Print all the data below exactly, without images.

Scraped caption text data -
# # #
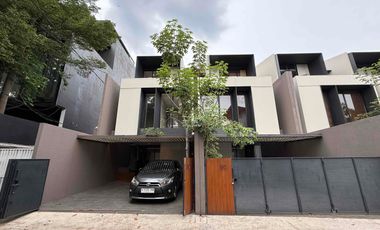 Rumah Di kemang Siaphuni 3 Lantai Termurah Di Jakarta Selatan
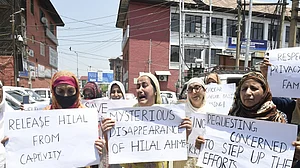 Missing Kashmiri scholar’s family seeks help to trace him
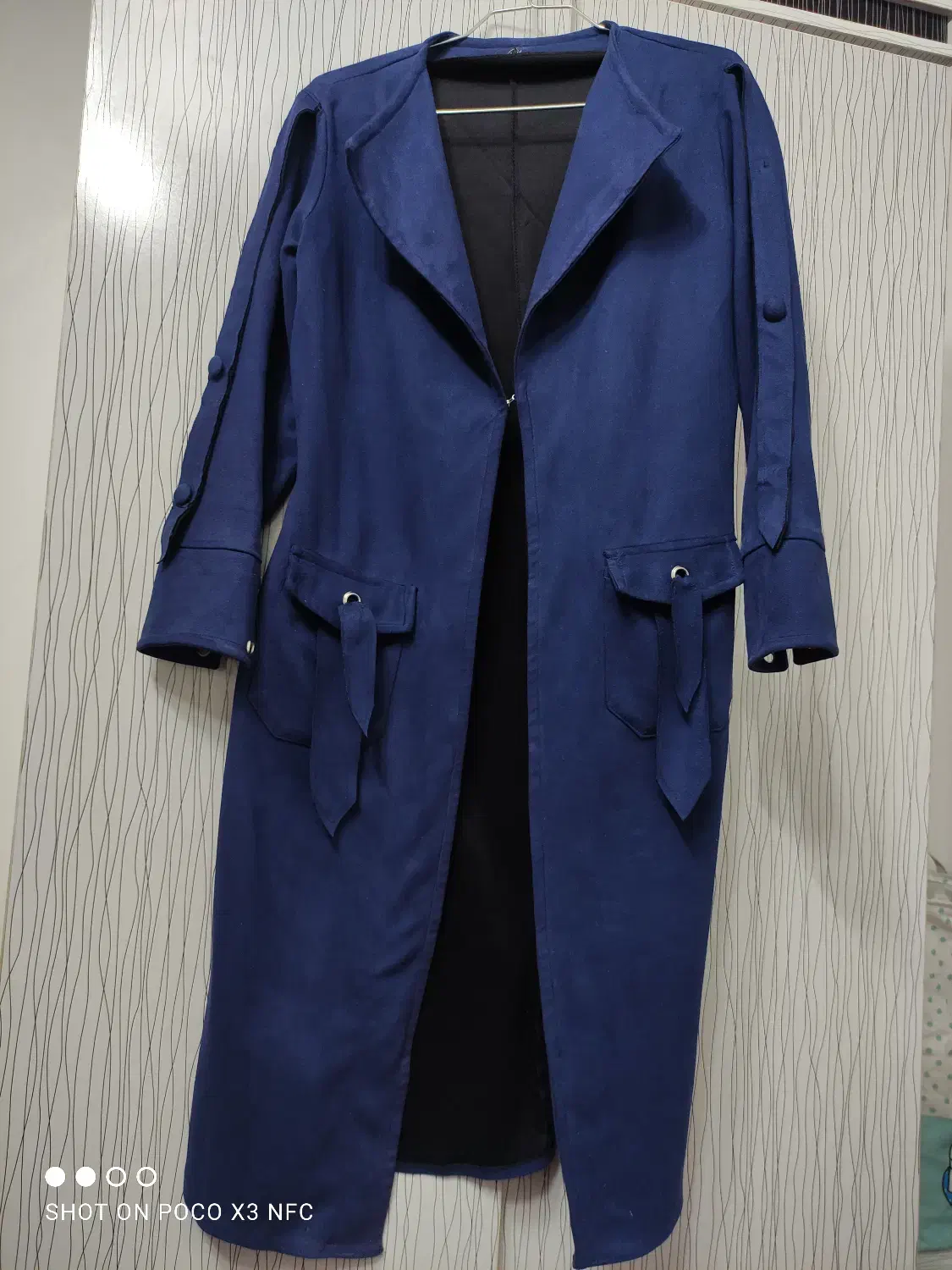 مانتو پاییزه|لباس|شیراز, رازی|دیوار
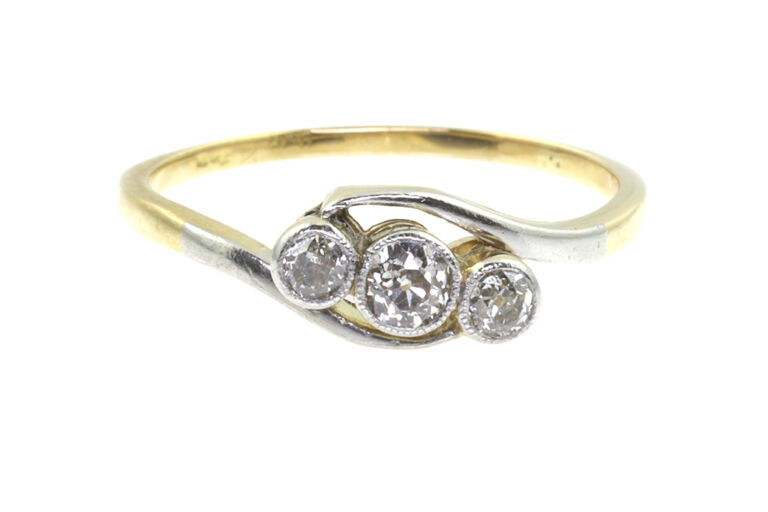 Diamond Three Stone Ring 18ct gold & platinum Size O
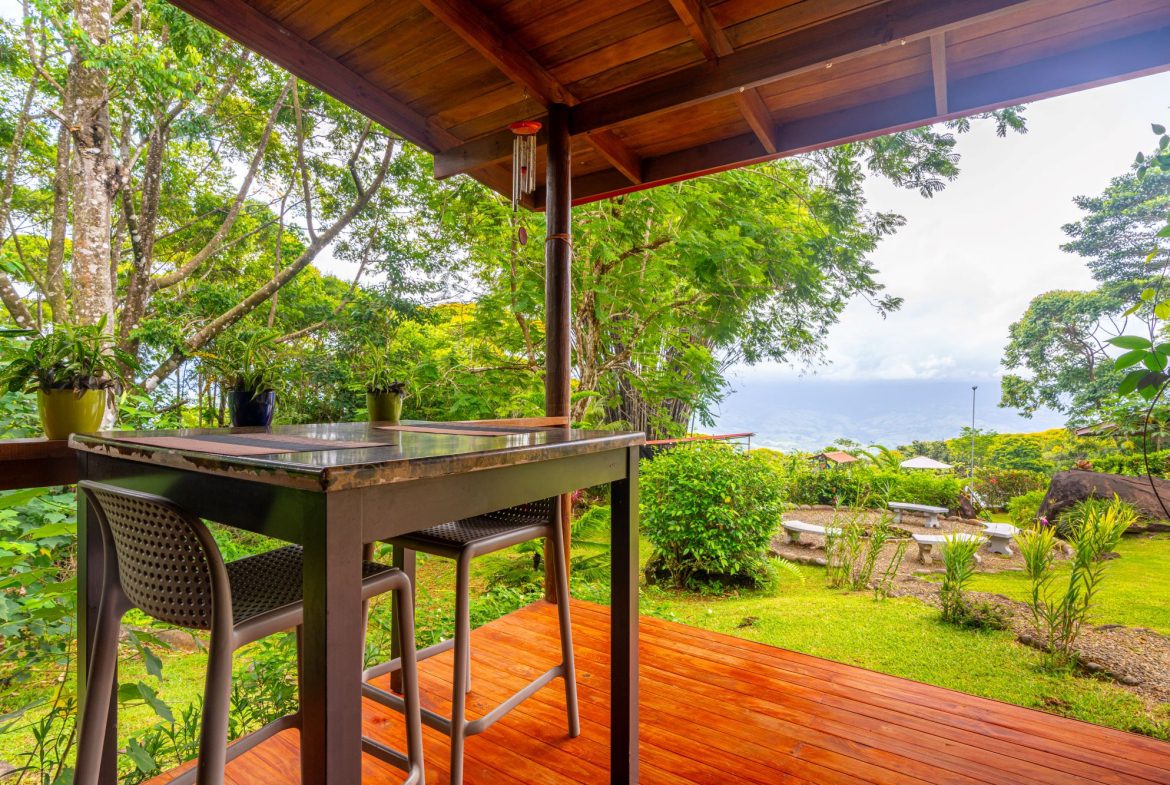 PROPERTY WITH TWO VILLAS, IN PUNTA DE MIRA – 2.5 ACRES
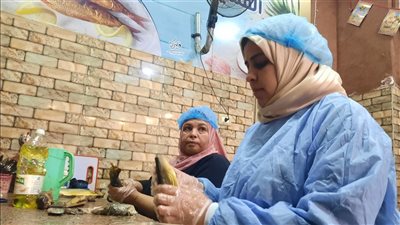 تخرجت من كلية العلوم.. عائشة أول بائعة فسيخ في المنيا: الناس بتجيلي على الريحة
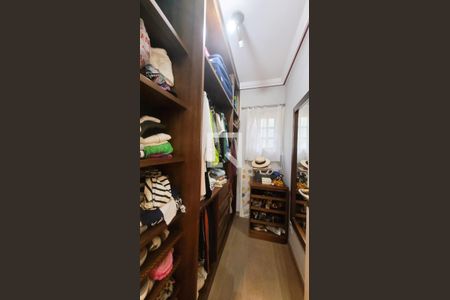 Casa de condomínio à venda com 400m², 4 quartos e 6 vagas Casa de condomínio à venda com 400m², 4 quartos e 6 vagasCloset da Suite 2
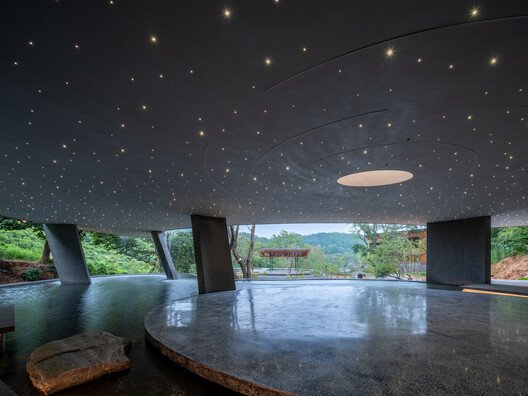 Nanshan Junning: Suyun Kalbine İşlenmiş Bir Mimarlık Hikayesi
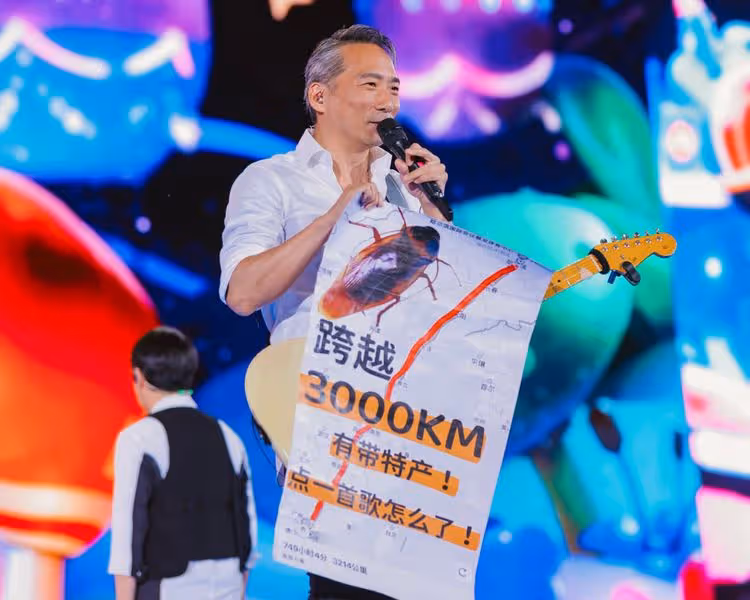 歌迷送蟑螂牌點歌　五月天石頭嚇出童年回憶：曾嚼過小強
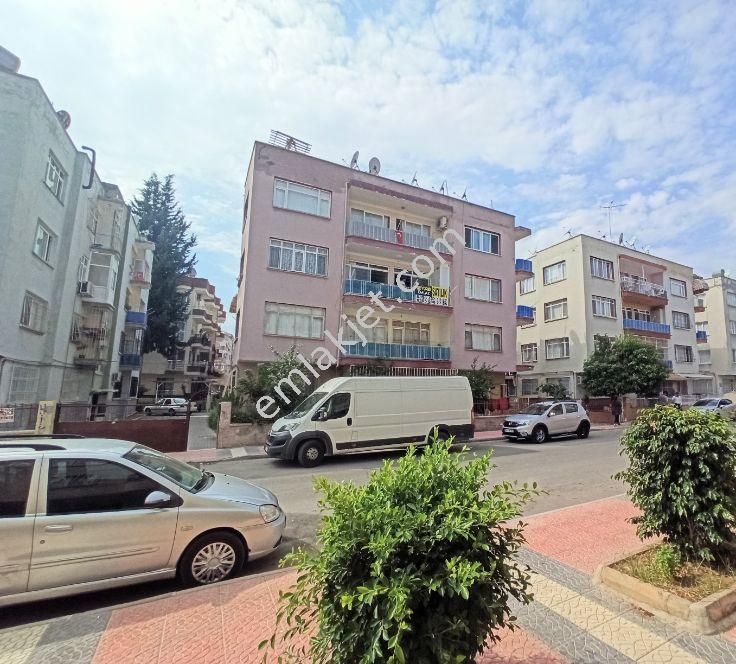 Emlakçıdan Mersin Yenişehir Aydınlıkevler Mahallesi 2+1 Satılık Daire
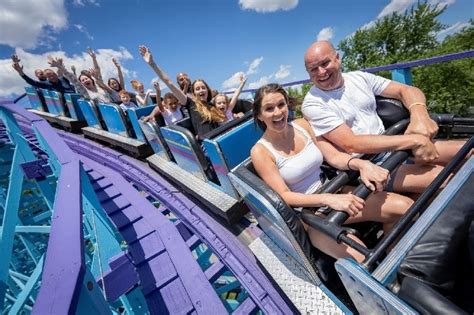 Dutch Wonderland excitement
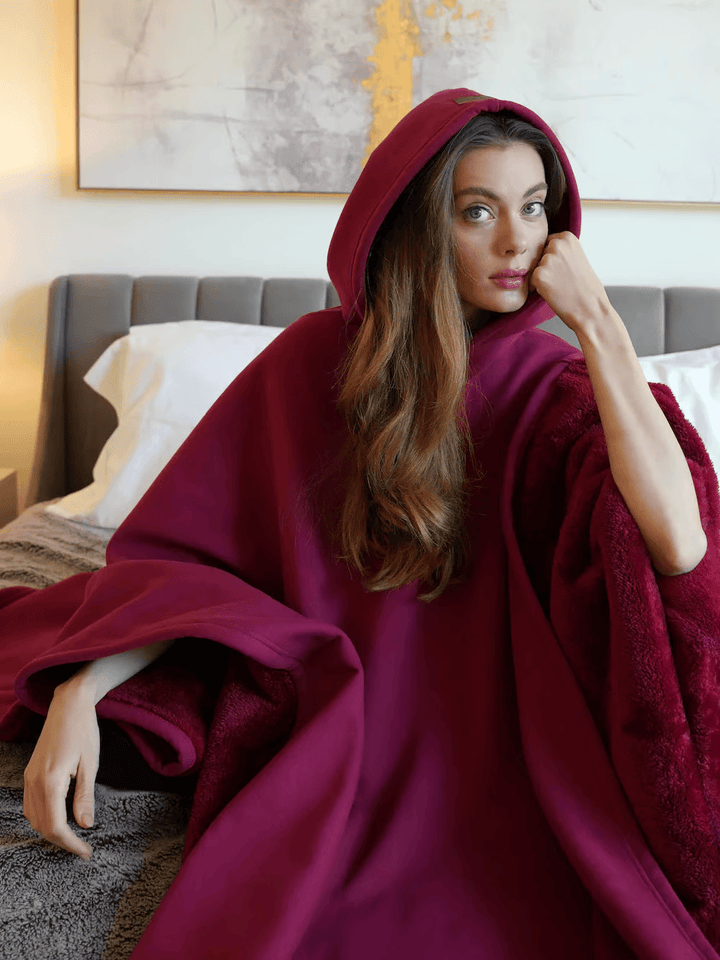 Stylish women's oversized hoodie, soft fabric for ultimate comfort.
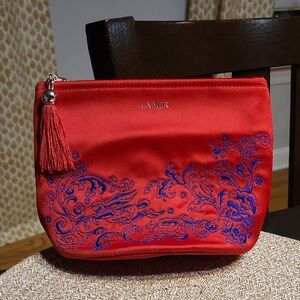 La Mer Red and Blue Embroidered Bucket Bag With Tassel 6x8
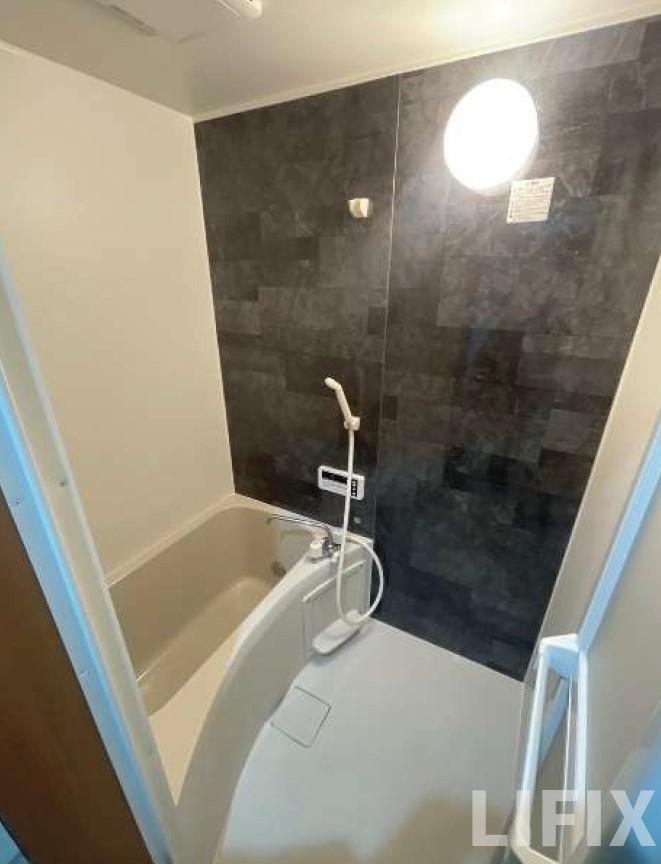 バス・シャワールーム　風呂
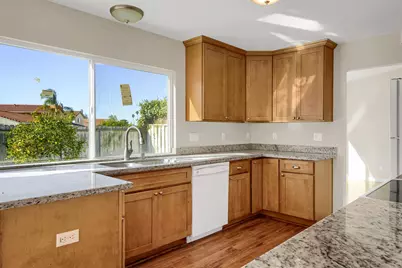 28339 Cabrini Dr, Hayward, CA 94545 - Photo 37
# # #
Output below -
 Rumah Di kemang Siaphuni 3 Lantai Termurah Di Jakarta Selatan
 Missing Kashmiri scholar’s family seeks help to trace him
 مانتو پاییزه|لباس|شیراز, رازی|دیوار
 Diamond Three Stone Ring 18ct gold & platinum Size O
 PROPERTY WITH TWO VILLAS, IN PUNTA DE MIRA – 2.5 ACRES
 تخرجت من كلية العلوم.. عائشة أول بائعة فسيخ في المنيا: الناس بتجيلي على الريحة
 Casa de condomínio à venda com 400m², 4 quartos e 6 vagas Casa de condomínio à venda com 400m², 4 quartos e 6 vagasCloset da Suite 2
 Nanshan Junning: Suyun Kalbine İşlenmiş Bir Mimarlık Hikayesi
 歌迷送蟑螂牌點歌　五月天石頭嚇出童年回憶：曾嚼過小強
 Emlakçıdan Mersin Yenişehir Aydınlıkevler Mahallesi 2+1 Satılık Daire
 Dutch Wonderland excitement
 Stylish women's oversized hoodie, soft fabric for ultimate comfort.
 La Mer Red and Blue Embroidered Bucket Bag With Tassel 6x8
 バス・シャワールーム　風呂
 28339 Cabrini Dr, Hayward, CA 94545 - Photo 37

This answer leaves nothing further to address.